Background: Severe aortic stenosis (AS) is a surgically correctable condition. However, aortic valve replacement (AVR) is not offered to many patients with severe AS for various reasons. We investigated the profile and survival patterns of patients with severe AS who did not have AVR.
Methods: Our echocardiographic database was screened for patients with severe AS, defined as a Doppler estimated aortic valve area of 0.8 cm2 or less between 1993 and 2003. Seven hundred and forty patients with severe AS were identified, of whom 453 patients had no AVR through the follow-up period, forming the study cohort. These patients were comprehensively characterized by obtaining clinical, pharmacologic, and surgical data through a comprehensive chart review and extracting survival data from the National Death Index.

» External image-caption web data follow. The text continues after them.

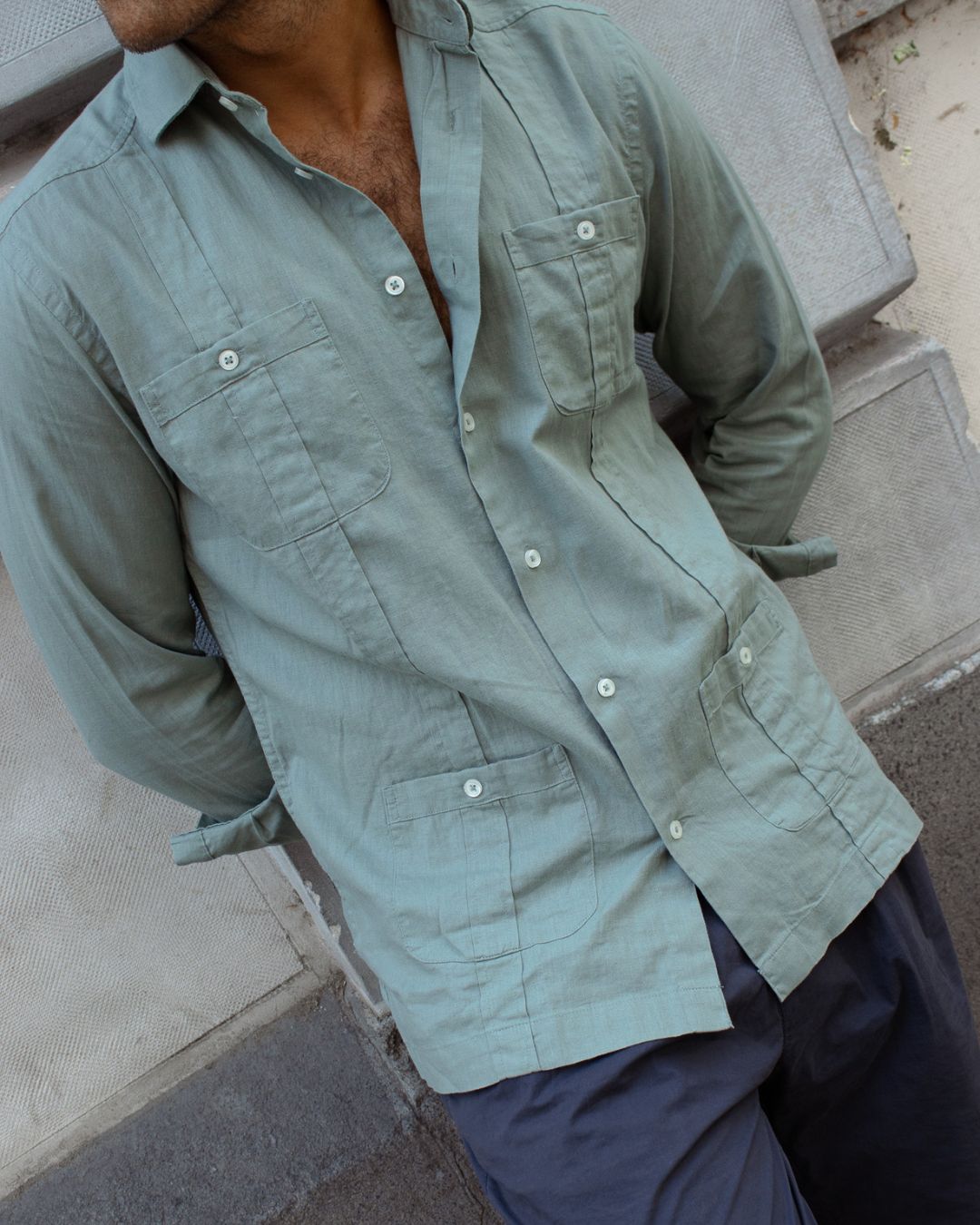 Guayabera Verde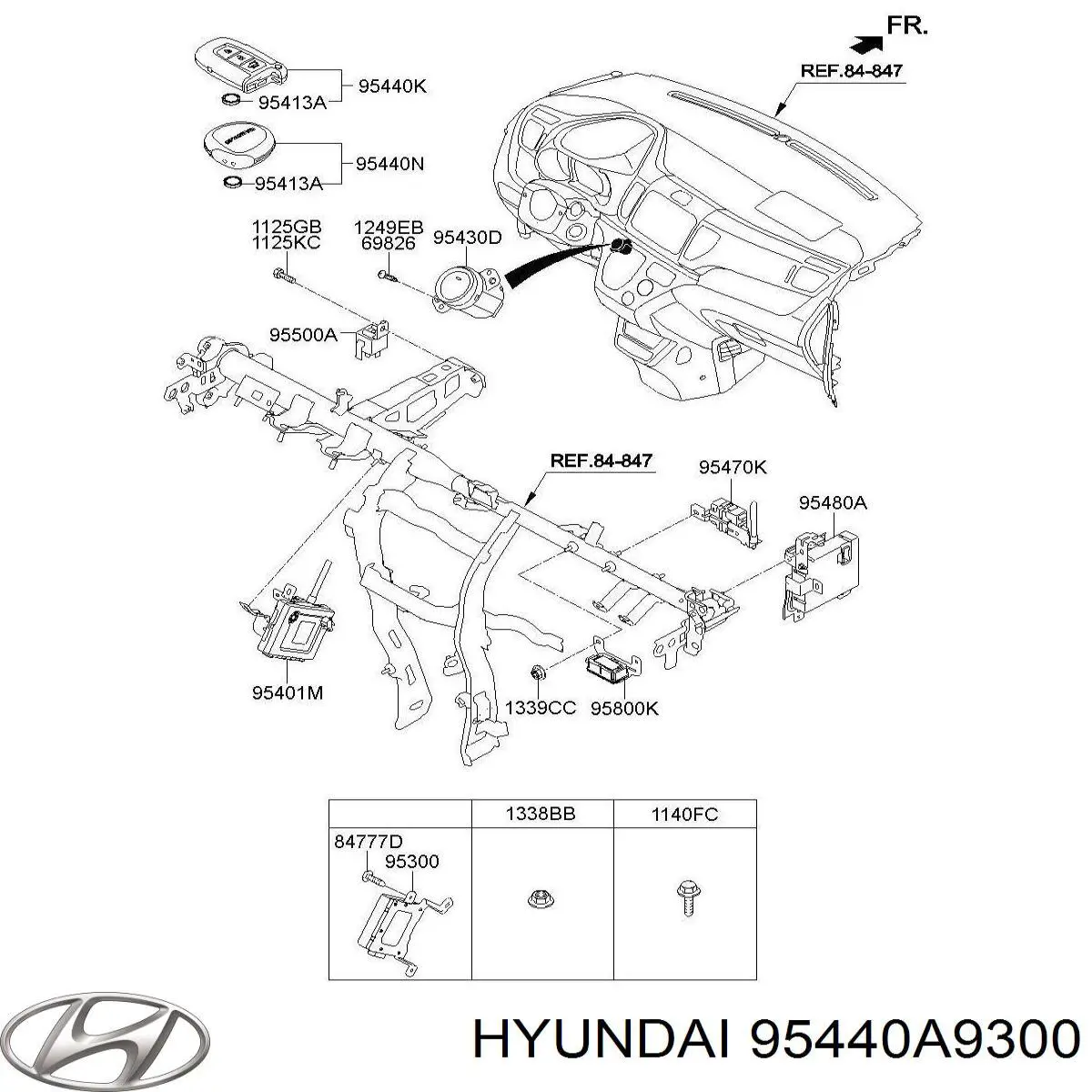 Hyundai/Kia 95440A9300 ціна, від 76.24 USD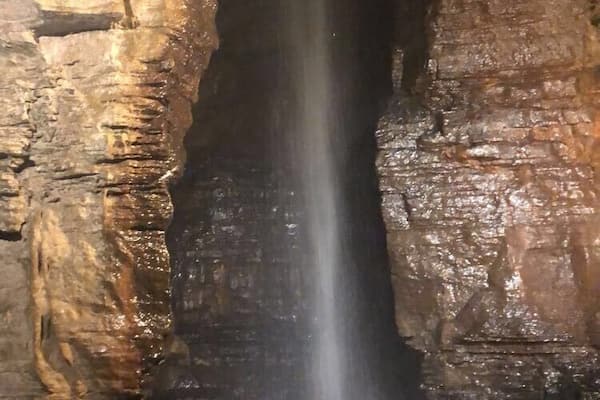 fun little trip to an interesting place with a 100 foot waterfall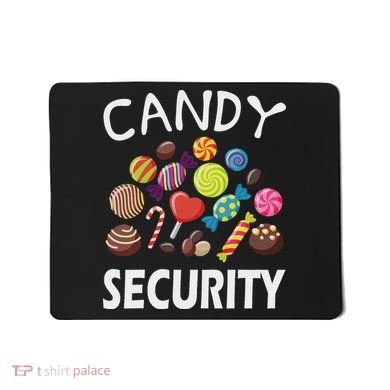 Candy Security Halloween Costume Party Mousepad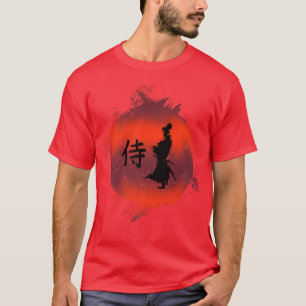 Japan motif Samurai Kanji Asia Japanese characters T-Shirt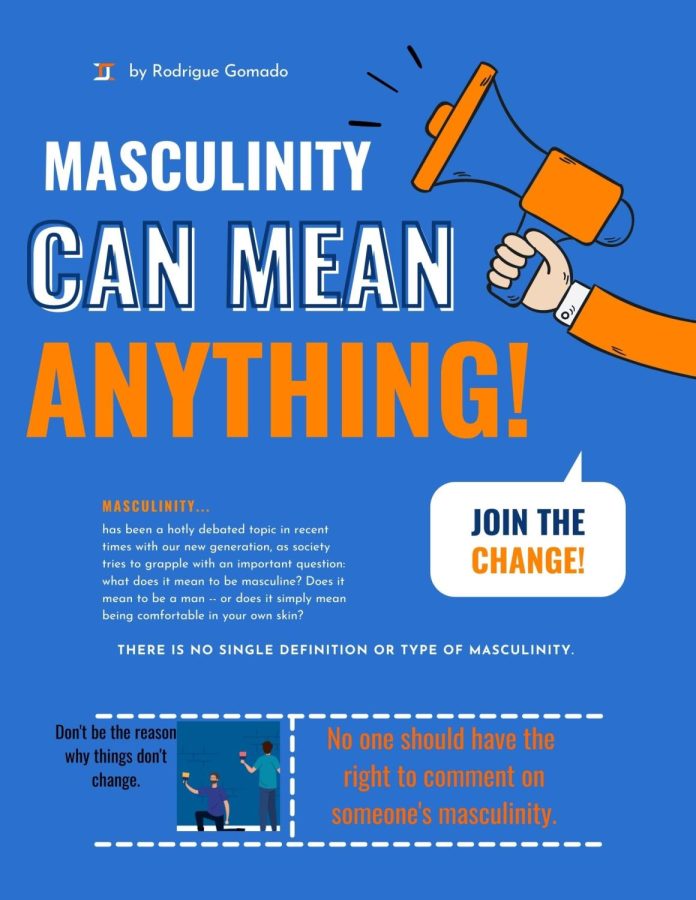 Although masculinity is stereotyped as “being a breadwinner” or doing ¨manly jobs,¨ masculinity has many different facets and nuances; there is no single definition or type of masculinity. 
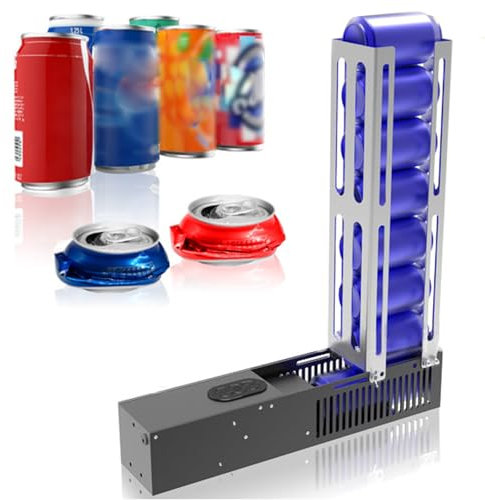 Triturador De Latas Eléctrico – Compactador De Latas Automático, Aplasta Latas De 8/12/16oz, Almacena 8 Latas A La Vez, Triturador De Latas De Aluminio Resistente para Cerveza, Refrescos Y Reciclaje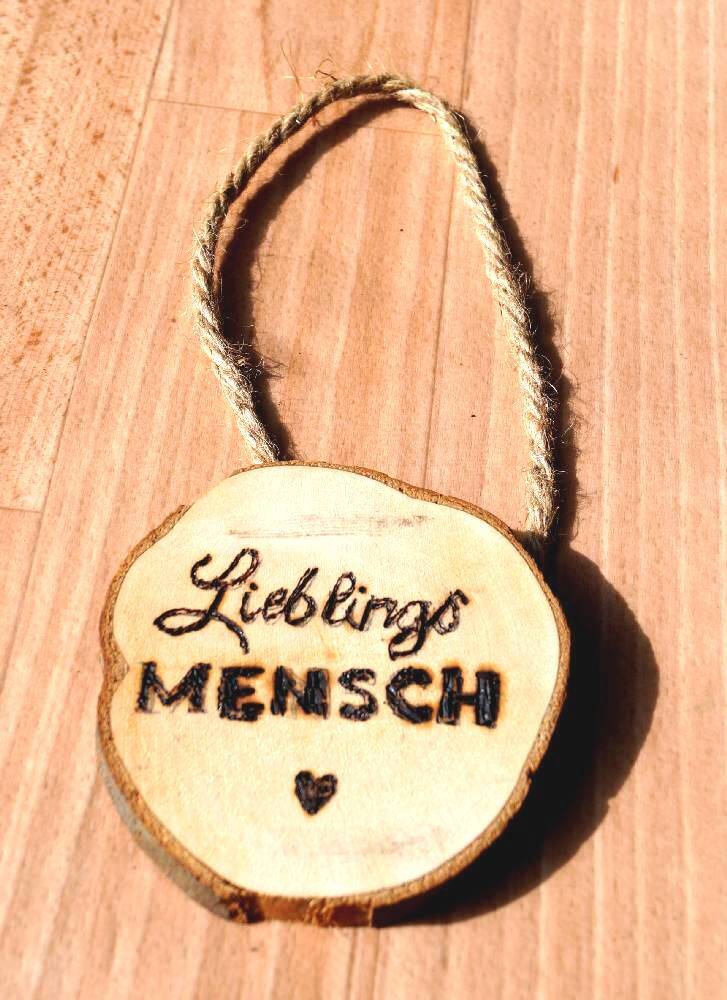 Brandmalerei "Lieblings Mensch"
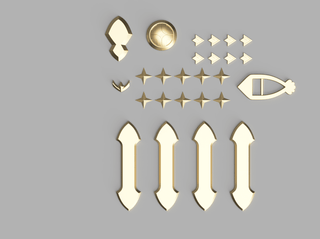 Laslow's Mercenary Accessories [3D Print Files] 3D Files cosplay DangerousLadies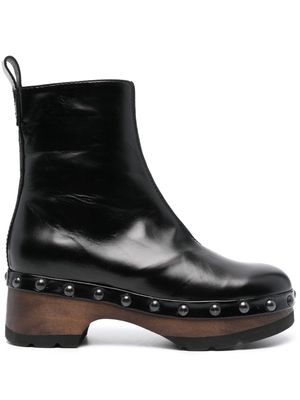 Bimba y Lola 70mm stud-embellished leather boots - Black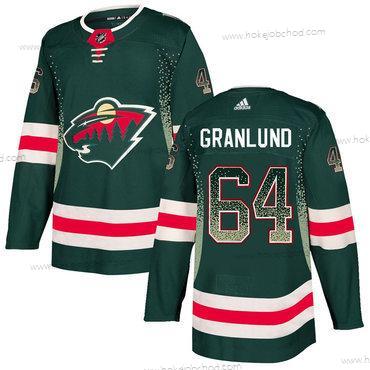 Adidas Muž Minnesota Wild #64 Mikael Granlund Zelená Dres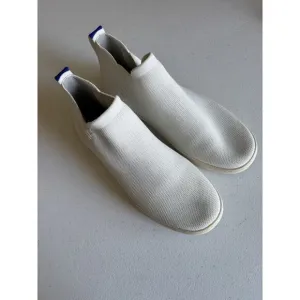 Rothy's Ankle Boots Shoes 7 Womens The Chelsea White Pull On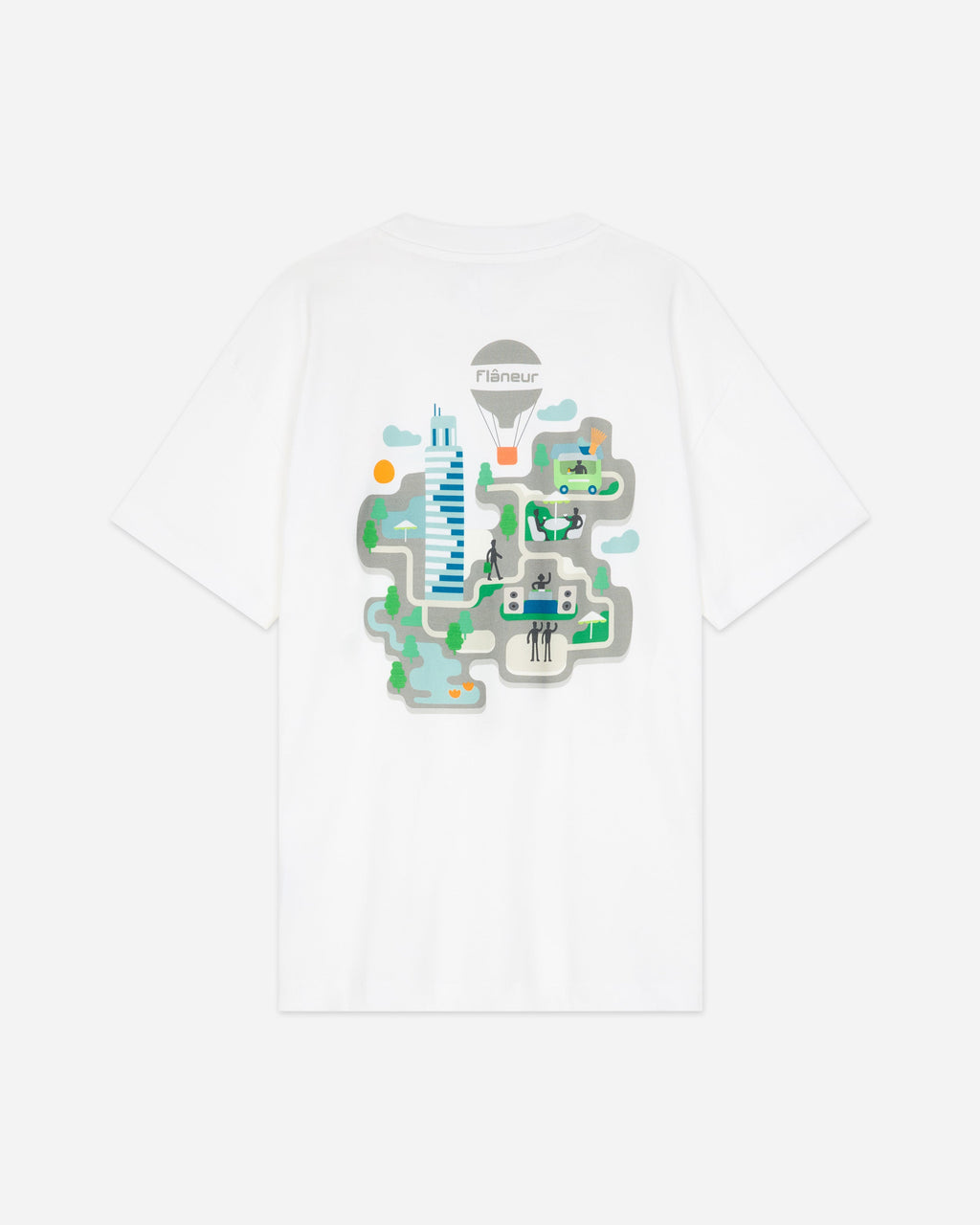 Festival Map T-Shirt | White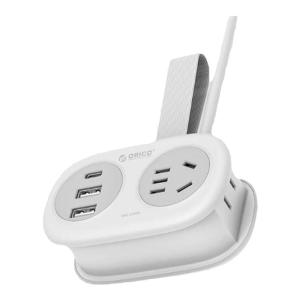 Portable Travel Pocket USB Socket Charger Orico Multi-Position Extension Lead Board Compact Desktop Power Strip Adapter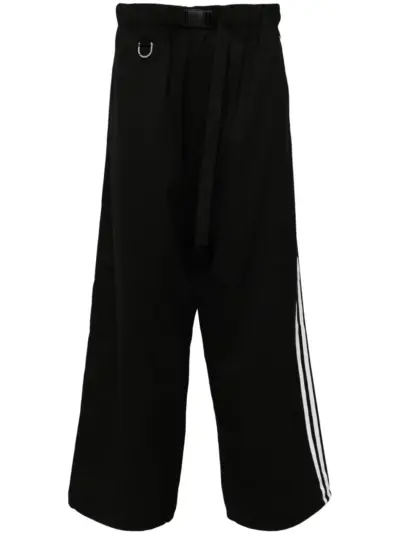 Y-3 x Adidas 3-stripes logo trousers - Black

Results: Patient characteristics were as follows: age 75 +/- 13 years, 48% male, left ventricular (LV) ejection fraction 52 +/- 21%, coronary artery disease in 34%, hypertension in 35%, serum creatinine level greater than 2 mg/dL in 11%, and diabetes mellitus in 14%. The survival at 1 year, 5 years, and 10 years was 62%, 32%, and 18%, respectively. The univariate predictors of reduced survival were advanced age, low LV ejection fraction, heart failure, elevated serum creatinine level, severe mitral regurgitation, and pulmonary hypertension; and the independent predictors were advanced age, low LV ejection fraction, heart failure, elevated serum creatinine level, and systemic hypertension. Concomitant pharmacotherapy had no impact on survival.
Conclusions: Conservatively treated patients with severe AS have a grave prognosis, and it is worse in the presence of advanced age, LV dysfunction, heart failure, and renal failure.